**CSC 365 - Fall 2022 - Lab 1-2**

In [48]:
import pandas as pd
import numpy as np

**Name:** Ishaan Sathaye

**Cal Poly Email:** isathaye@calpoly.edu

This Jupyter notebook loads a simple two CSV files. One (`world_population.csv`) contains information about the population estimates for each country in the world. The other one (`corruption_data.csv`) reports a metric called "corruption index" (a value in the 0 to 100 range, reflecting the perception of prevalence of corruption in the country - the higher the value, the **less** corrupt the country is) for several years for most (but not all) countries in the world.

The notebook contains 10 questions of the data.

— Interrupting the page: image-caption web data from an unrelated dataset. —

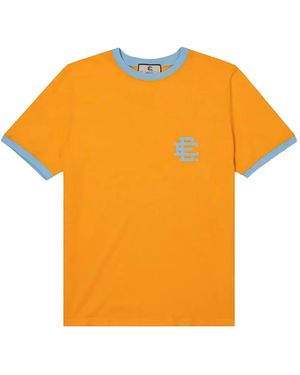 Eric Emanuel Ee Ringer T-Shirt - Orange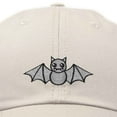 thumbnail image 2 of DALIX Cute Bat Hat Womens Baseball Cap in Beige, 2 of 6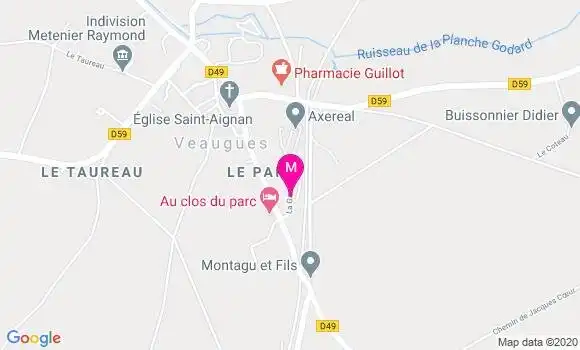 Localisation Dr Larbi Barbouche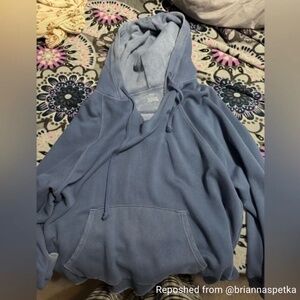 Aerie sunwashed hoodie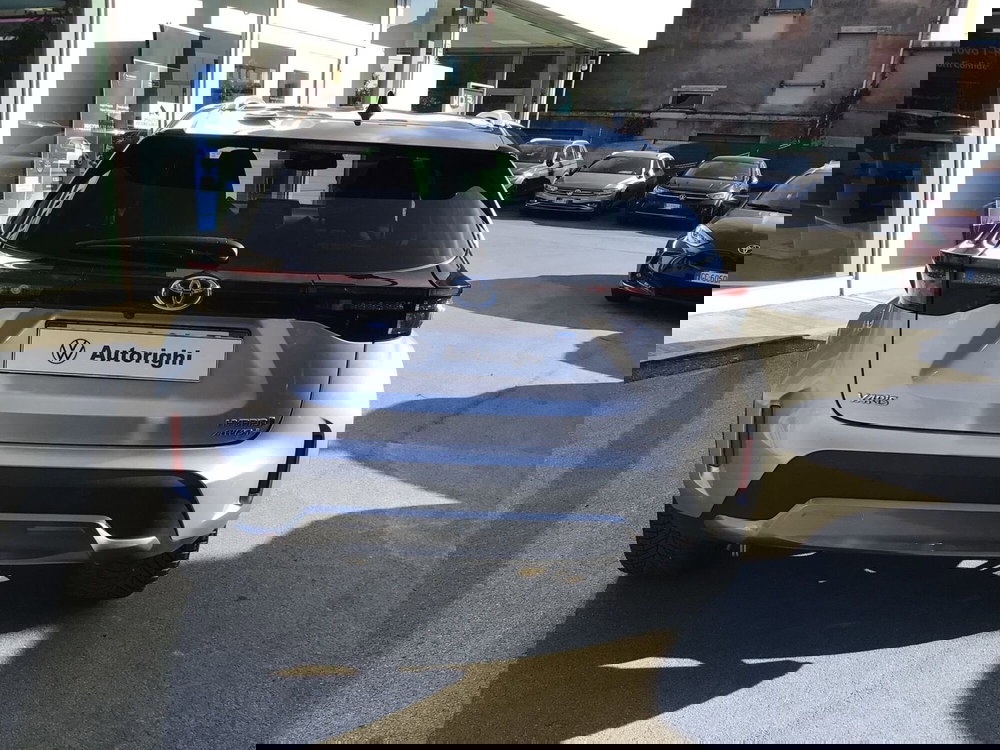 Toyota Yaris Cross usata a Genova (6)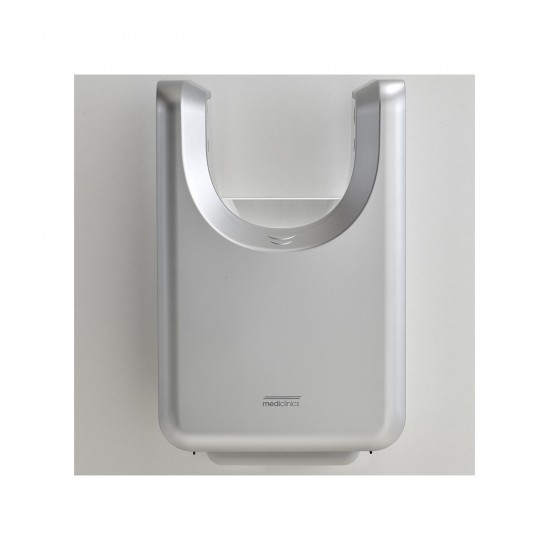 Uscator de maini U-Flow, finisaj satinat, Mediclinics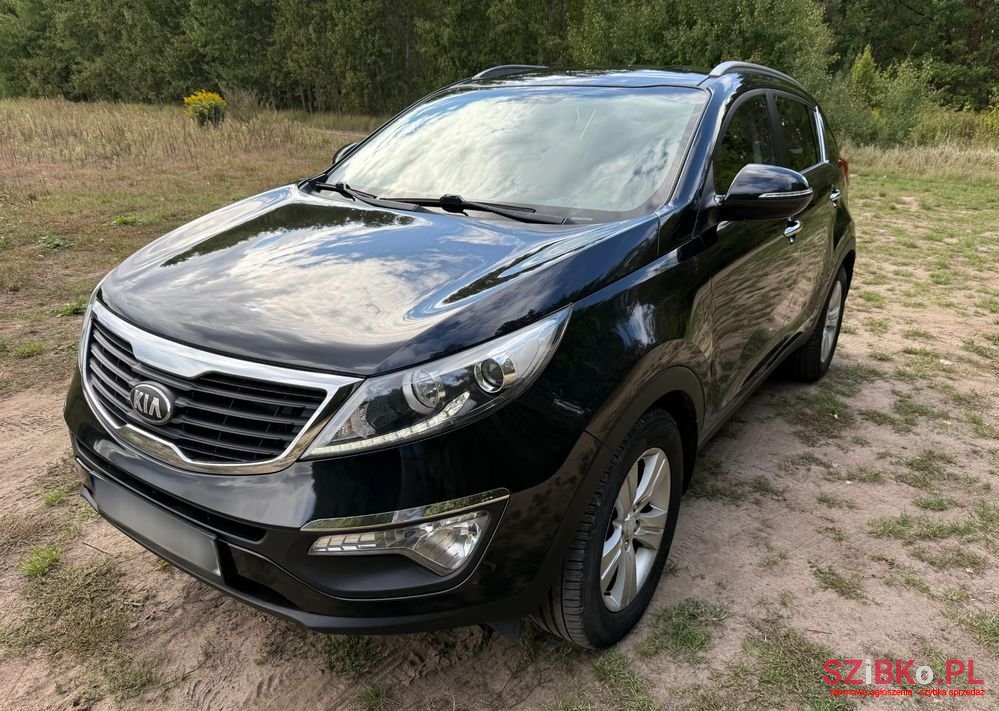 2012' Kia Sportage 1.6 Gdi L 2Wd photo #1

Some questions may require looking at only one of the two data files, but there may be questions below that would have you combine the data from both files in order to answer them.

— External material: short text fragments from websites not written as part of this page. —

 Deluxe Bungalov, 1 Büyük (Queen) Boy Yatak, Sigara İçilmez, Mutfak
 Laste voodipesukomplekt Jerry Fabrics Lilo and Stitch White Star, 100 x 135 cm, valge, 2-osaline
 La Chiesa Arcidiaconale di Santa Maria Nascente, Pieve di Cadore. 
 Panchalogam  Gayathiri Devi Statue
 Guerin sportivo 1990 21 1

As with Lab 1-1 notebook, each table is provided to you in three different formats (`pandas` data frame, `numPy` 2D array, Python nested list structure). In addition, the list of columns for each table is also available as a separate variable for you to use in your computations.



In [49]:
## loading the world population data

filenameWorld = "world_population.csv"

worldDf = pd.read_csv(filenameWorld)   ## pandas data frame for world population data

worldData = np.array(worldDf)          ## numPy array with the  world population data

worldDl = [list(x) for x in worldData]  ## List of lists with the world population data

worldColumns = list(worldDf.columns)   ## list of column names - in the order of columns in both the Pandas data frame and the NumPy array



In [50]:
## loading the corruption index  data

filenameCorruption = "corruption_data.csv"

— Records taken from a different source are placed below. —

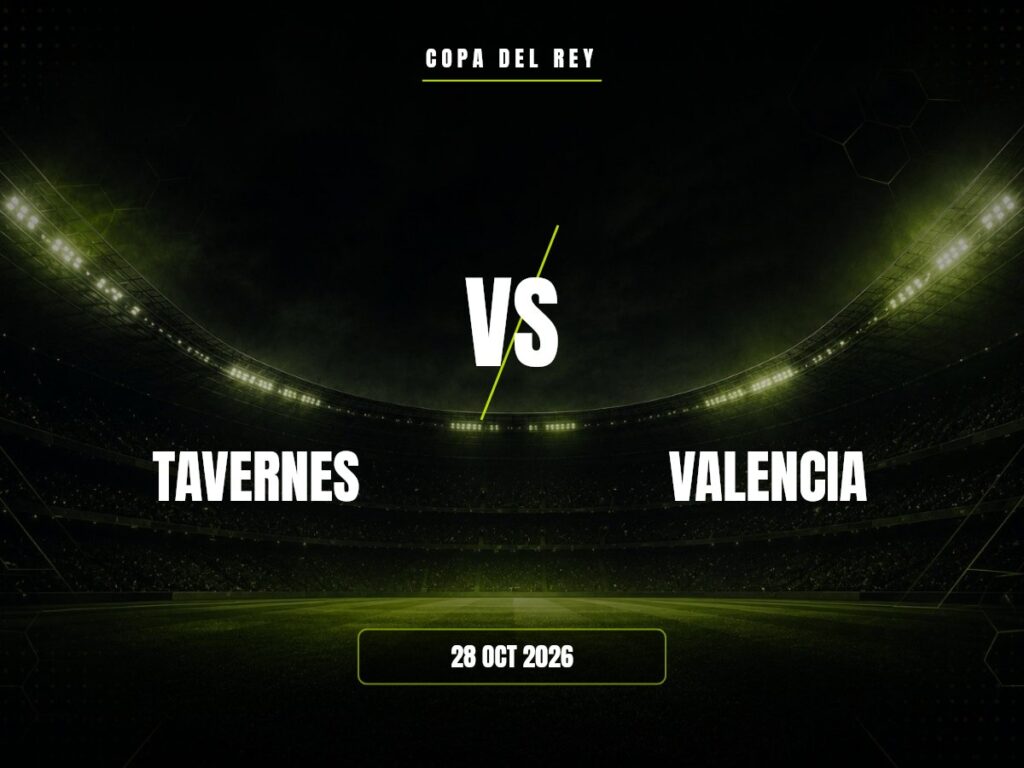 Tavernes contra Valencia, Copa del Rey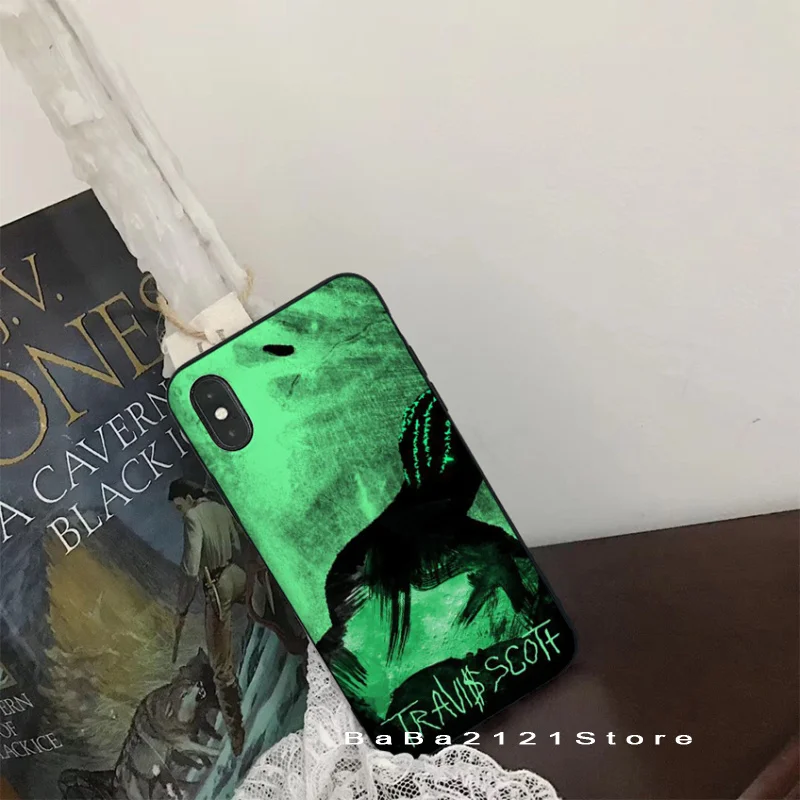 Babaite Travis Scott высококачественный Классический чехол для телефона для iPhone 8 7 6 6S plus X Xs Xr XsMax 5 5S SE 5c Cover11 11pro 11promax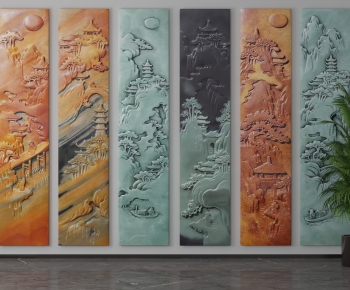 New Chinese Style Wall Decoration-ID:780349979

corrDf = pd.read_csv(filenameCorruption)   ## pandas data frame for corruption index data

corrDf['country'] = [x.strip() for x in corrDf["region_name"]]


corrData = np.array(corrDf)              ## numPy array with the  corruption index data

corrDl = [list(x) for x in corrData]     ## List of lists with the corruption index data

corrColumns = list(corrDf.columns)      ## list of column names - in the order of columns in both the Pandas data frame and the NumPy array



The data is provided to you in three forms:

1. `pandas` data frame.  `pandas` is a Python package for dealing with tabular data that includes a lot of functionality that is similar to that of relational database which we will be studying in this course.  A data frame is a Python data structure for storing two-dimentional tabular data.  If you know how to work with `pandas` data frames - feel free to use `pandas` functionality.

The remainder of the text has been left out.